Extracted information
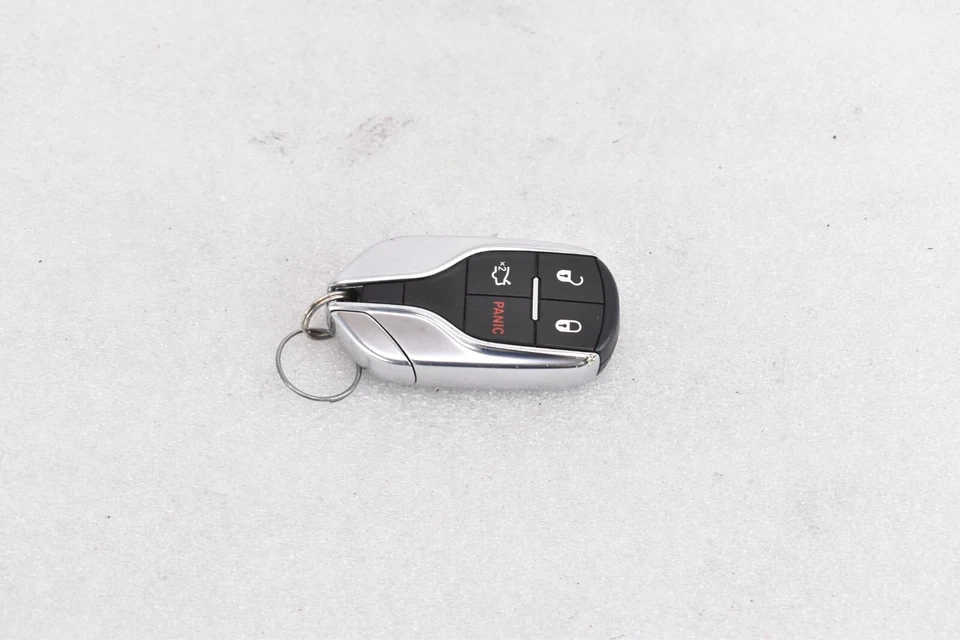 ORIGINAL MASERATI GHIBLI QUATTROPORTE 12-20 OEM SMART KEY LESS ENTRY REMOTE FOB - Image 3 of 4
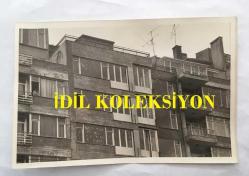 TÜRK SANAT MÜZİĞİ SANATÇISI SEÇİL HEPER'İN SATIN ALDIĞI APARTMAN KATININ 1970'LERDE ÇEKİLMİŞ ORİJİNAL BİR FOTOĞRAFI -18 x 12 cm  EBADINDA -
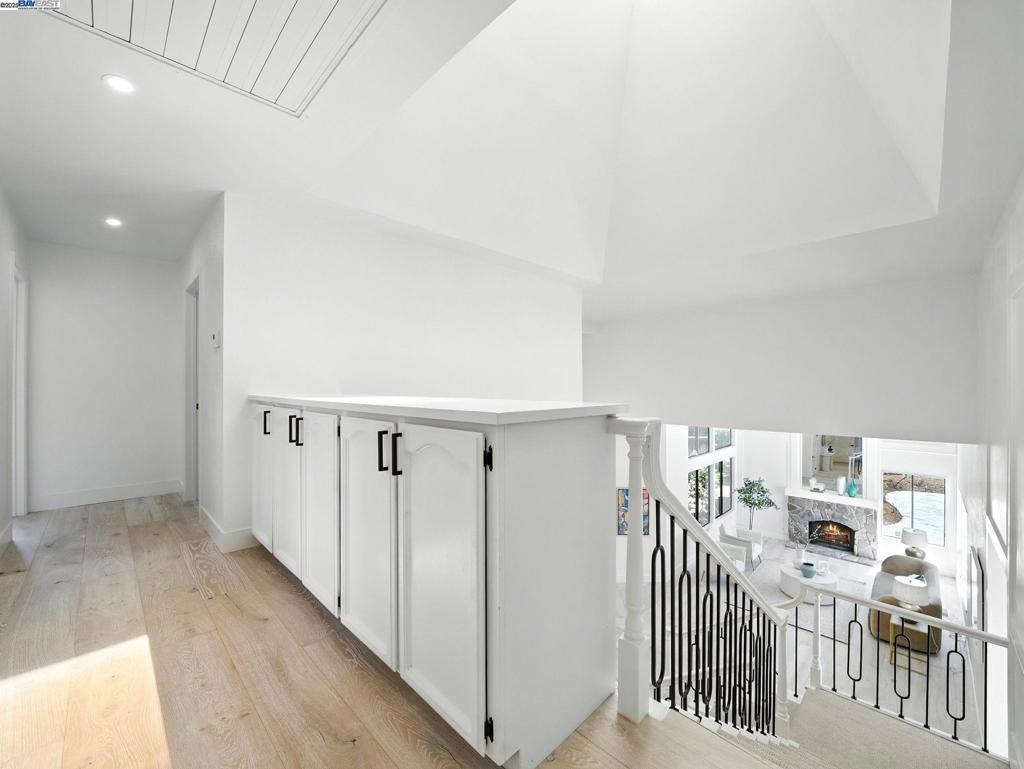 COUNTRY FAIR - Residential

...

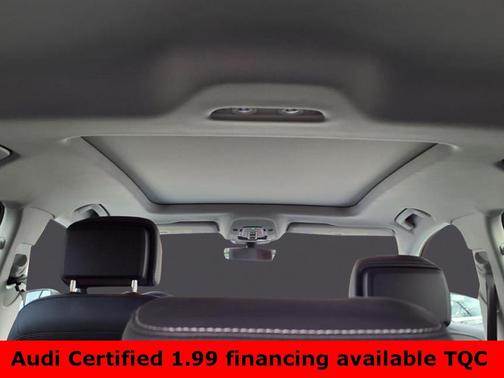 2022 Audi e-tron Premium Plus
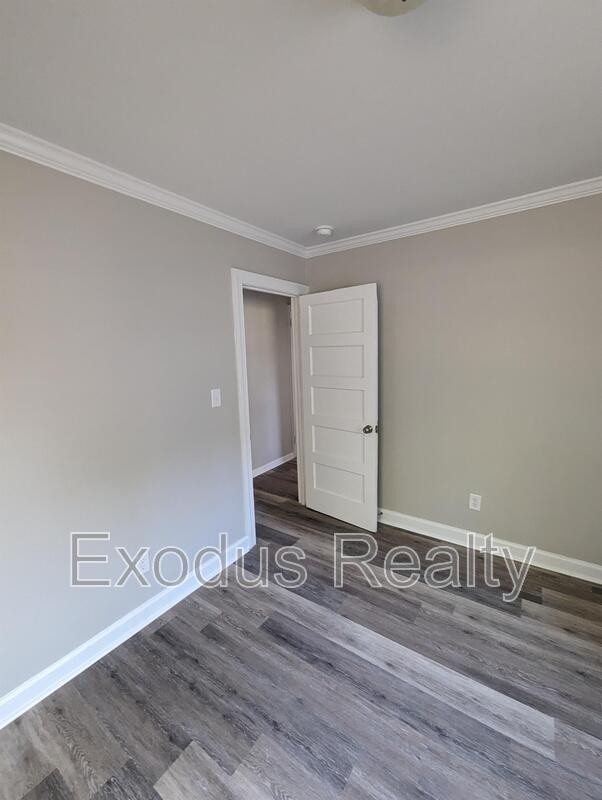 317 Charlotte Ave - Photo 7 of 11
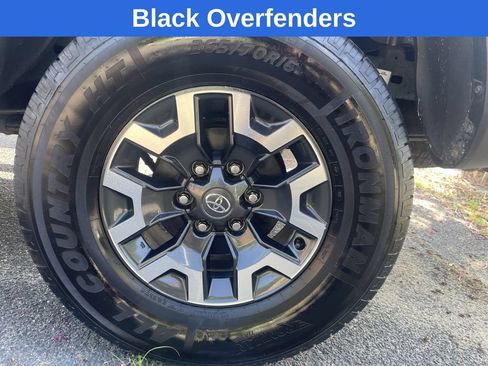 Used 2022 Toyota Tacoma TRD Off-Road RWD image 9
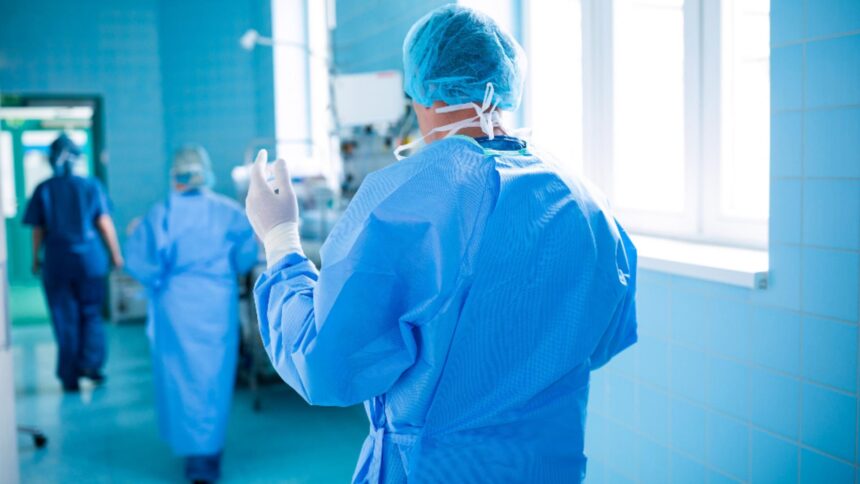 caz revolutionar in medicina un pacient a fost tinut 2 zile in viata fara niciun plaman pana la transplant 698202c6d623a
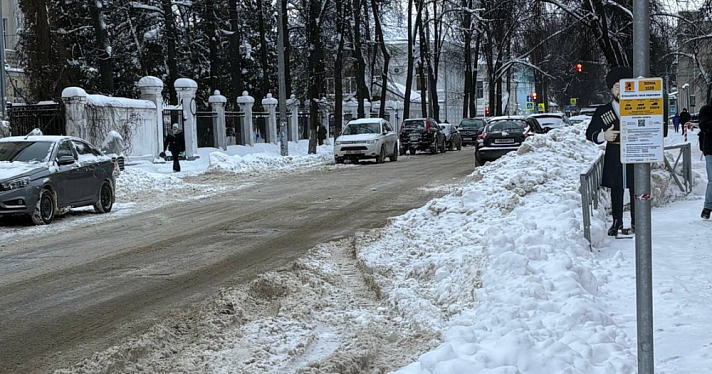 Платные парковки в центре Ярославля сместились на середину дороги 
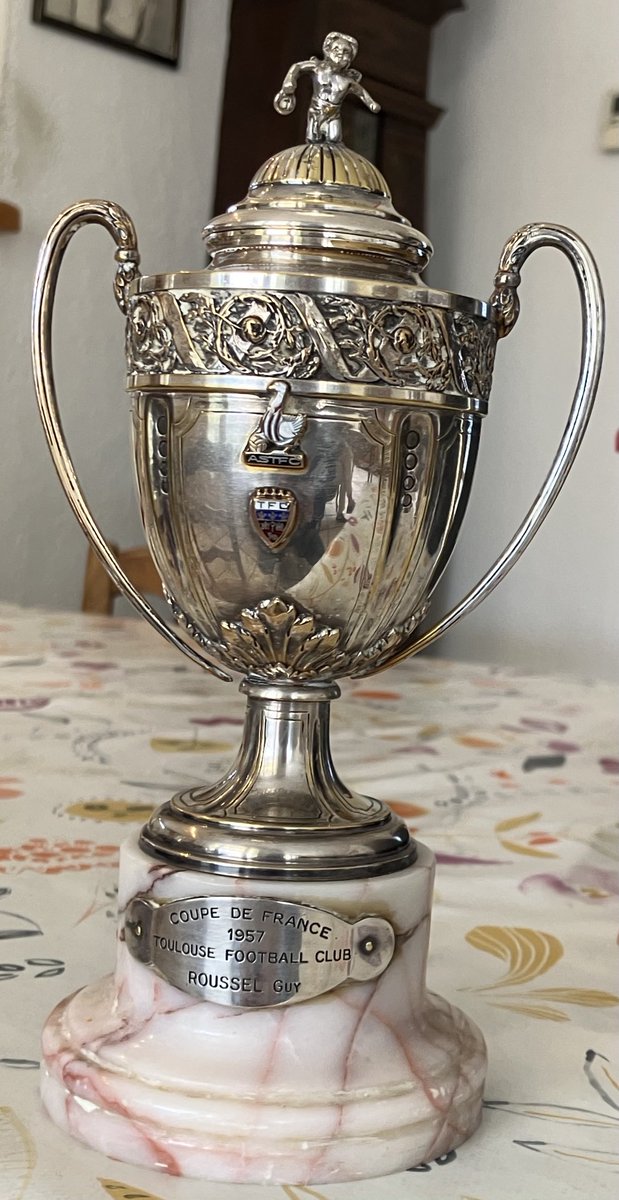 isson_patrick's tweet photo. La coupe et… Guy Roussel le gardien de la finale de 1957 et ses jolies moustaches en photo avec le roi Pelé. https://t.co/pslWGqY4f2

What the exercise asks
Write back the stretch of lines above that begins with the line holding "ORIGINAL MASERATI GHIBLI" and ends with the line holding "COUNTRY FAIR - Residential", both included, exactly as written. Pictures stay out.

Reply to the task
 ORIGINAL MASERATI GHIBLI QUATTROPORTE 12-20 OEM SMART KEY LESS ENTRY REMOTE FOB - Image 3 of 4
 TÜRK SANAT MÜZİĞİ SANATÇISI SEÇİL HEPER'İN SATIN ALDIĞI APARTMAN KATININ 1970'LERDE ÇEKİLMİŞ ORİJİNAL BİR FOTOĞRAFI -18 x 12 cm  EBADINDA -
 COUNTRY FAIR - Residential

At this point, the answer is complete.